Question to Ask the Workplace Doctors about approaching the boss.
We are a small business on Main Street of our community and have been here for about 30 years. Though from the outside that appears as a positive, (as stores up and down the street come and go as often as the seasons change) but business has not been doing well for some time now and customers often confide in me the desperate update the store needs. Some people that walk in for the first time have even asked me if we are a second hand store. I don’t believe this is because of our merchandise, we carry quality Woolrich, Columbia, Levi’s etc. but because of the drab nature of the store. The shelves on the wall are warped plywood on L brackets, the carpet is a terrible mustard yellow that has patches from wear, our vacuum is from the 80’s and doesn’t even work to try to clean the carpet!
To top it off, the entire store is wood paneled and looks straight out of the 70’s. I could make a whole laundry list of aesthetic issues in the store, but the real concern is the fact that my boss seems to be oblivious to these things. Though you could say that this is just our stores “style” to have a rugged, old fashioned look…if it is hurting business then the style must change. But how do I bring this up to my boss? He prides himself in the store and if very defensive if we try to bring up the idea to make changes (even to simply get new shelves). Not to mention the overwhelming task of actually doing an update would frazzle him, as he is not good with anything out of the norm happening. What would I do to slowly begin to talk him into some changes?

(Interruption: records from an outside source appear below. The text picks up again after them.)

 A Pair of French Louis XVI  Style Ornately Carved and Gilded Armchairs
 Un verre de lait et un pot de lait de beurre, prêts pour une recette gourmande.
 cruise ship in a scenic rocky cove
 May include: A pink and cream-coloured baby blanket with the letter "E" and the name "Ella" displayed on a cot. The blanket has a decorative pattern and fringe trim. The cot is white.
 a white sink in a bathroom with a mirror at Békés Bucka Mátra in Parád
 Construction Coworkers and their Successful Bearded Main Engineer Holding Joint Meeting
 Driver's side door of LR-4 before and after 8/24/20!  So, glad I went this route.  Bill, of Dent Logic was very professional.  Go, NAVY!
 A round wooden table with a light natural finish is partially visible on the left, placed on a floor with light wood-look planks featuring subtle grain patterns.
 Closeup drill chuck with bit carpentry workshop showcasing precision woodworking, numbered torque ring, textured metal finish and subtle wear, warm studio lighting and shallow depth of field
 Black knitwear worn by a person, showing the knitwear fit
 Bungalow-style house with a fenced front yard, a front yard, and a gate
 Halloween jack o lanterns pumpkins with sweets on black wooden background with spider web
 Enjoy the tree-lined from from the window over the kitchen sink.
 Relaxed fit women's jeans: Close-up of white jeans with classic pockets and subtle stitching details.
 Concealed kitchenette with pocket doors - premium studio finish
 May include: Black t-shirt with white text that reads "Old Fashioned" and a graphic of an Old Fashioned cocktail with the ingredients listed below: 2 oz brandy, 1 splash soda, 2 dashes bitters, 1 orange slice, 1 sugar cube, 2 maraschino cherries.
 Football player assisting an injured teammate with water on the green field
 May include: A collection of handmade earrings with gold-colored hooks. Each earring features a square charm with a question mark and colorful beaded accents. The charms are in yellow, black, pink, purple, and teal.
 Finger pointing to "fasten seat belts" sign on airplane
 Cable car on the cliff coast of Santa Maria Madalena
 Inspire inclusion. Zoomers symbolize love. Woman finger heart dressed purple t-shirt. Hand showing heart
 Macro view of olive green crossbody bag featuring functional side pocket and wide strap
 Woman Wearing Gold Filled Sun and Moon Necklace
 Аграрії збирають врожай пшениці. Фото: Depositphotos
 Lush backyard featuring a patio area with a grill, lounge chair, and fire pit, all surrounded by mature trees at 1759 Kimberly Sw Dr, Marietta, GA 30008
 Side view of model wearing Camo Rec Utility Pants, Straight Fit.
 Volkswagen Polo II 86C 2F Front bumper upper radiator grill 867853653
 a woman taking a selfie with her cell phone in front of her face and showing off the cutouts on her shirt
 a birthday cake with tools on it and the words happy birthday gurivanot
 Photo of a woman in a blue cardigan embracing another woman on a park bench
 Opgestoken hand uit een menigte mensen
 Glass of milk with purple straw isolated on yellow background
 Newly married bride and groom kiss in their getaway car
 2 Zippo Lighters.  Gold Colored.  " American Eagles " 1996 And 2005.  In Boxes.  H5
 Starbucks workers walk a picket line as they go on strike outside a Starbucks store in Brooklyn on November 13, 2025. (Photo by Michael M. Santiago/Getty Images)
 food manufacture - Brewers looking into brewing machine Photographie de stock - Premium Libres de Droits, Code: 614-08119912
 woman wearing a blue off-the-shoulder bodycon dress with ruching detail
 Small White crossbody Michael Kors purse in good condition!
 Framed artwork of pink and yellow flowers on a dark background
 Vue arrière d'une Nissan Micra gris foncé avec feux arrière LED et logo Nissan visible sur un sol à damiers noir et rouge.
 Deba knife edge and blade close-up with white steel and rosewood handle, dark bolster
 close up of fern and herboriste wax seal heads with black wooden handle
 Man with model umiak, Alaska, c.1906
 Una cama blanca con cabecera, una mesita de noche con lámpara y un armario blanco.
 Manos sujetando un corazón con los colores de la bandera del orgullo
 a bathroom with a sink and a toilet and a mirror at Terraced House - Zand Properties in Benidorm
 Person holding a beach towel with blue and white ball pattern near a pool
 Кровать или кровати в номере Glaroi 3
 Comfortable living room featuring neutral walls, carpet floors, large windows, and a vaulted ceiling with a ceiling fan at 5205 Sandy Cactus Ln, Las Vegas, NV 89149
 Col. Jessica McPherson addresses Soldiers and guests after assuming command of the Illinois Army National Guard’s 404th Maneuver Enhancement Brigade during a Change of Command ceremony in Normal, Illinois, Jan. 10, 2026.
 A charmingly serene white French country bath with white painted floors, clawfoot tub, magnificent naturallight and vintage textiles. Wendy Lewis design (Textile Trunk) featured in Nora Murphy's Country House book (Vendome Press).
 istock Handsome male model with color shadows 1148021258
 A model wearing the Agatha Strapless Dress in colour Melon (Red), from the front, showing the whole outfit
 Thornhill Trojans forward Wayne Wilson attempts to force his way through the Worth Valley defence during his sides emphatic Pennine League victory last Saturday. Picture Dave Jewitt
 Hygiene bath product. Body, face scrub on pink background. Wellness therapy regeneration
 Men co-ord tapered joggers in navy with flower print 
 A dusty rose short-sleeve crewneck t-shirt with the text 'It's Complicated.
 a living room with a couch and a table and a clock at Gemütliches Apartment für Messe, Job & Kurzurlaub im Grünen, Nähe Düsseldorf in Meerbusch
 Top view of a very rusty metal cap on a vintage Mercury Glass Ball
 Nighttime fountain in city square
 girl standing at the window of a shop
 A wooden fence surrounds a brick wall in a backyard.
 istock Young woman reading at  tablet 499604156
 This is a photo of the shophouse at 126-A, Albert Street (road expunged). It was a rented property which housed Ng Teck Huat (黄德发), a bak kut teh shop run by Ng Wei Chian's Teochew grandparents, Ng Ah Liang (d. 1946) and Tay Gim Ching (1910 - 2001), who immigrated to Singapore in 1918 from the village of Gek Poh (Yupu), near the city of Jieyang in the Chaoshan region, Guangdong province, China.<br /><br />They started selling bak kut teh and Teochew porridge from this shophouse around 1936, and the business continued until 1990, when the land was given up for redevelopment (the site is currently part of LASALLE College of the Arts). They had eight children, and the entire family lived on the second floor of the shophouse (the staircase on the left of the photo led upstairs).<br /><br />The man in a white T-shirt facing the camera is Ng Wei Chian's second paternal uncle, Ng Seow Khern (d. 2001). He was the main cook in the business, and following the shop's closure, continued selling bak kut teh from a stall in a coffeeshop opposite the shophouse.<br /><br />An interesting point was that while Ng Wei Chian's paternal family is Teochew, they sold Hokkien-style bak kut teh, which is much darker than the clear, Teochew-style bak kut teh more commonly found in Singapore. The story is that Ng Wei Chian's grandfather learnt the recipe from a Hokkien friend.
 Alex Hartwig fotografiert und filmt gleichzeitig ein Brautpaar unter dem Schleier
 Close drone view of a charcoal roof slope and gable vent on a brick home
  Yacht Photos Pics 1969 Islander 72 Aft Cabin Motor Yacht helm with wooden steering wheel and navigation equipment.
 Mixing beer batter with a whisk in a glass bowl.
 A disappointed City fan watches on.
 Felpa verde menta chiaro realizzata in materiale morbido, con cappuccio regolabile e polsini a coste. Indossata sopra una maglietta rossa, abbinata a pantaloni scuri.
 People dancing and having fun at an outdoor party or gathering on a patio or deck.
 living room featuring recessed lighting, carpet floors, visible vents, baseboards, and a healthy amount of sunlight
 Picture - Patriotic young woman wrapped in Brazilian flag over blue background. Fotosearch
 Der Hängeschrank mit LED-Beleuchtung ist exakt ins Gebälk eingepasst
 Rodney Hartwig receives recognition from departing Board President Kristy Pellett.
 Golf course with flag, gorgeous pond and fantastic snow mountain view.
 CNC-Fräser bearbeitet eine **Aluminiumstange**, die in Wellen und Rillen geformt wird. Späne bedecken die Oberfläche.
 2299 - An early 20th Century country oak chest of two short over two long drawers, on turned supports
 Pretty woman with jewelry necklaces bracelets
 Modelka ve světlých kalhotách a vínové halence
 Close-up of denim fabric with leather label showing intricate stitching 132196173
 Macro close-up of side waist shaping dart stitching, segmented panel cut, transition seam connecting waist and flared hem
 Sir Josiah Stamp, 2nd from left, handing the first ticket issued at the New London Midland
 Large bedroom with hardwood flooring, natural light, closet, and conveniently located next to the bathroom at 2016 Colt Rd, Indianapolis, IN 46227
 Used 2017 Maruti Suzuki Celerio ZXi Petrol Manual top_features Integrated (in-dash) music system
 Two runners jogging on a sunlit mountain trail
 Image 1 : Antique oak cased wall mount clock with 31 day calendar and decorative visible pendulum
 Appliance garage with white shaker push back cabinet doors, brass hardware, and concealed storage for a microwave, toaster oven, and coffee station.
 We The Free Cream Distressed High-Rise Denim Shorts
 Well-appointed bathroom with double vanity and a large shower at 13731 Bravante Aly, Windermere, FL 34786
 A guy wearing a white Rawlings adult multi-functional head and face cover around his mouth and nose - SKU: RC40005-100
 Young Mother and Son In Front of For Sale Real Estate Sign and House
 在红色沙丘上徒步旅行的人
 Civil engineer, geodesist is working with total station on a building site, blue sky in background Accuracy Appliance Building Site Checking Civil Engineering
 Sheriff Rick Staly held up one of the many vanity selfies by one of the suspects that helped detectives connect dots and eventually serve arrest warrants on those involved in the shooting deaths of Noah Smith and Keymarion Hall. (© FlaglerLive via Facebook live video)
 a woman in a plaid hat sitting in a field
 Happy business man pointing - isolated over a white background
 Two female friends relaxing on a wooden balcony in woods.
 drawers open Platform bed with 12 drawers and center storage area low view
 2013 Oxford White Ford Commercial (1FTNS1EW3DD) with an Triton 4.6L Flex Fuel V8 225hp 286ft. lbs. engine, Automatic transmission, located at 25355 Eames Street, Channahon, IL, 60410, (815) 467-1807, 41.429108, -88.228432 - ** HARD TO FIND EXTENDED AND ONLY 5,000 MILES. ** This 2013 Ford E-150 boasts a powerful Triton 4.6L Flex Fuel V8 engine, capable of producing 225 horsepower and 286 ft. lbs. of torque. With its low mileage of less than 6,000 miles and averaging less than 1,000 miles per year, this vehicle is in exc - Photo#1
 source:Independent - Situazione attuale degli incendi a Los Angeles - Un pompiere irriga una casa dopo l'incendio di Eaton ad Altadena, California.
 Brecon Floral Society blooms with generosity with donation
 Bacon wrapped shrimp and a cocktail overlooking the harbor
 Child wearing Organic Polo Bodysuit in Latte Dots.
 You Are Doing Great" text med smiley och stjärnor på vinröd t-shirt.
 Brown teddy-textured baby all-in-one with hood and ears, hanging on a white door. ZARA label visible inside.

I assume you have earned the respect of the dear man who takes pride in his store on the Main Street of your community. You don’t want to hurt his feelings by listing the many things you would like to do to update the store. So can you do anything but keep mum? I think you can without hurting his feelings. How?
The key is by use of questions. You say that the business isn’t going well. How do you know that? Has he mentioned his concern about that to you or have you felt that way at times when your store is empty of customers? Might either of such times be ripe to ask him if there is anything he has thought of that would get customers coming in the door? Such a question should provoke a conversation. If he says, “No, I haven’t thought of anything.” You could get him thinking by asking, “In the years you have managed our store, were there good years and bad? What made them good?”
In short get him thinking by seed questions. Then the time will come for him to ask you if you have ideas that would bring in your friends and others. Here is when you can share just a few of those ways you would update the store. Possibly large banners could hide those wood panels. Maybe saying you could brighten up a corner of the store with bright umbrellas and/or balloons. Maybe you could suggest that students in your local schools could display their art work or have a contest of art for the holidays. Some classes might even be invited to propose ways they would like to beautify the place.
New rugs are not outrageously expensive and problems with vacuums that don’t clean can be repaired. I know you can tell Mr. Johns, or whatever is his name, that you know he has invested his life in the store and that the town appreciates seeing him as one of its merchants. And how you have learned from him. You can also seek his advice for your career. He’s likely to ask you what you are learning in your courses, so be ready.
Do any of these thoughts make sense? You are a caring person and that is what really matters. Working together with hands, head, and heart takes and makes big WEGOS. That’s the spirit of your question, so now what will you do to answer your question?